ABOUT THIS BOOKIn An Unformed Map, Philip Janzen traces the intellectual trajectories of Caribbean people who joined the British and French colonial administrations in Africa between 1890 and 1930. Caribbean administrators grew up in colonial societies, saw themselves as British and French, and tended to look down on Africans. Once in Africa, however, they were doubly marginalized—excluded by Europeans and unwelcome among Africans. This marginalization was then reproduced in colonial archives, where their lives appear only in fragments. Drawing on sources beyond the archives of empire, from dictionaries and language exams to a suitcase full of poems, Janzen considers how Caribbean administrators reckoned with the profound effects of assimilation, racism, and dislocation. As they learned African languages, formed relationships with African intellectuals, and engaged with African cultures and histories, they began to rethink their positions in the British and French empires. They also created new geographies of belonging across the Atlantic, foundations from which others imagined new political horizons. Ultimately, Janzen offers a model for reading across sources and writing history in the face of archival fragmentation.
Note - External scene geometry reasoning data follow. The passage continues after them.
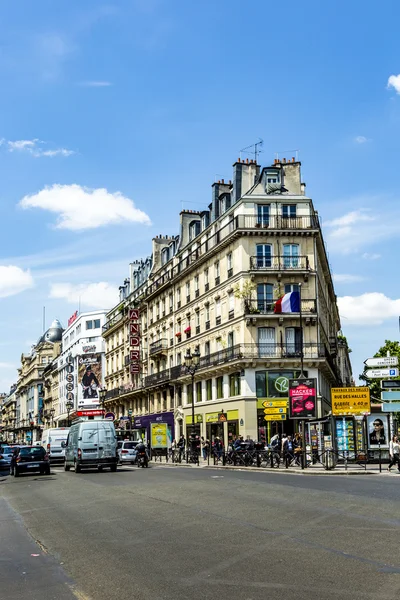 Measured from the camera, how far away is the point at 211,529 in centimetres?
1162

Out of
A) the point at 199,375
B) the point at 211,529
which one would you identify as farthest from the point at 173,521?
the point at 199,375

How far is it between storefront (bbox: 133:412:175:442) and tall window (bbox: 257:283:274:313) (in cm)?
1563

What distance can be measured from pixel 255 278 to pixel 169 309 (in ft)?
55.4

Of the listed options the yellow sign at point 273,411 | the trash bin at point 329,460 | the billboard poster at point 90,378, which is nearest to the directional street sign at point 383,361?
the trash bin at point 329,460

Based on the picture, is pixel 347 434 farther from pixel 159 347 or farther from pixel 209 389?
pixel 159 347

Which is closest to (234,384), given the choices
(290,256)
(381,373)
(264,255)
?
(264,255)

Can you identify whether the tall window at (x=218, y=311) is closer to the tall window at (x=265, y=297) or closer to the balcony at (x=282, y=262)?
the tall window at (x=265, y=297)

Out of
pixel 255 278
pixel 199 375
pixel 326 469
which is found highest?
pixel 255 278

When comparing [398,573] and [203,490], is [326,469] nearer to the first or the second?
[203,490]

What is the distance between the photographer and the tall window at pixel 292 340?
158 ft

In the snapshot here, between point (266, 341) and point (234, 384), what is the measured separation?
4.05 meters

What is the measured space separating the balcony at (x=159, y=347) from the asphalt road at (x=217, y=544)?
45015mm

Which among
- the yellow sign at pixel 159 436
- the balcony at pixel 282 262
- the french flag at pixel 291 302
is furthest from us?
the yellow sign at pixel 159 436

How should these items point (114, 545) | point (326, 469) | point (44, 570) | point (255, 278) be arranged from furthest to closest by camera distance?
point (255, 278) → point (326, 469) → point (114, 545) → point (44, 570) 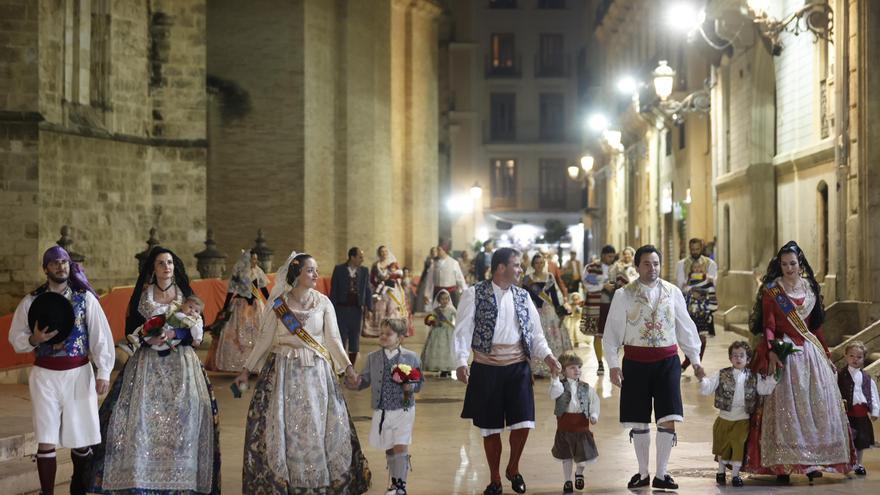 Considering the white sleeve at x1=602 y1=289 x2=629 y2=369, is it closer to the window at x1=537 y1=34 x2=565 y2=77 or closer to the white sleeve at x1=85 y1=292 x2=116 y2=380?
the white sleeve at x1=85 y1=292 x2=116 y2=380

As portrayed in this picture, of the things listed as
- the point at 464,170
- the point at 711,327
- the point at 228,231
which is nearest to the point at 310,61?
the point at 228,231

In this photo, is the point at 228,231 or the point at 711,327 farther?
the point at 228,231

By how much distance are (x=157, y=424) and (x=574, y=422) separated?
289cm

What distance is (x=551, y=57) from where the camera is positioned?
73250mm

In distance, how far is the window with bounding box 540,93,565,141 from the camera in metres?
73.3

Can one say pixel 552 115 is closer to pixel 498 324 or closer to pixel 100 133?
pixel 100 133

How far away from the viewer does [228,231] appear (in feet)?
105

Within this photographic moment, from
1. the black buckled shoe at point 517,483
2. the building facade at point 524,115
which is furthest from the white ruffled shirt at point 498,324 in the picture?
the building facade at point 524,115

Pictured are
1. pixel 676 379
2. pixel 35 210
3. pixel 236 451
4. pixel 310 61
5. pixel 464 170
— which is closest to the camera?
pixel 676 379

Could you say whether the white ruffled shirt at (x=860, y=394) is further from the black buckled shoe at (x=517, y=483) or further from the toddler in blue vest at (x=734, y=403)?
the black buckled shoe at (x=517, y=483)

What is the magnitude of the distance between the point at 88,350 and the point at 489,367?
2.76 m

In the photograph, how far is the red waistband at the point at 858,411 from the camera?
1085 centimetres

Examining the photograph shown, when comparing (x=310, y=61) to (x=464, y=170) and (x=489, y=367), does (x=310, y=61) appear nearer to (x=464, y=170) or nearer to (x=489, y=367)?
(x=489, y=367)

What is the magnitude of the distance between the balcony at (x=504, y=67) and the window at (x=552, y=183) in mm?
4886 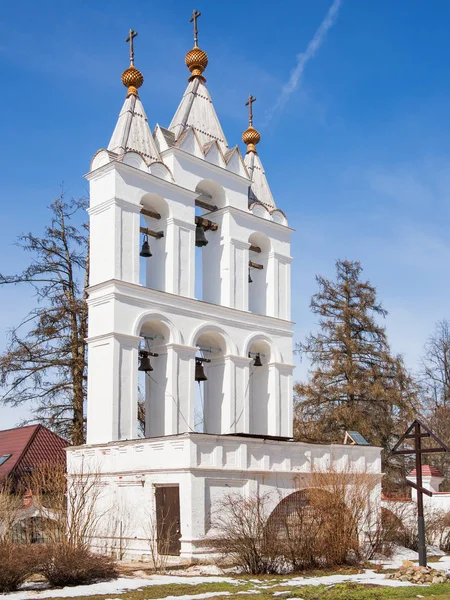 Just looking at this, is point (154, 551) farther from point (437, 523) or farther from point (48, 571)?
point (437, 523)

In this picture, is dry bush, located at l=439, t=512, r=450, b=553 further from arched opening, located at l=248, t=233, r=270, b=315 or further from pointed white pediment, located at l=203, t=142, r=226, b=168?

REVIEWS“In this important and sophisticated book, Philip Janzen subverts the French and British imperial bureaucratic machinery to suture back together the lives of colonial subjects who were fragmented by the archive. By building a network of extra-bureaucratic sources, Janzen demonstrates that the illusion of archival plenitude renders imperially irrelevant lives irrecoverable by conventional historical methods. An Unformed Map will find an enthusiastic readership not only among Caribbeanist and Africanist historians, historians of empire and anthropologists, but to all those historians interested in methodological and conceptual innovation.”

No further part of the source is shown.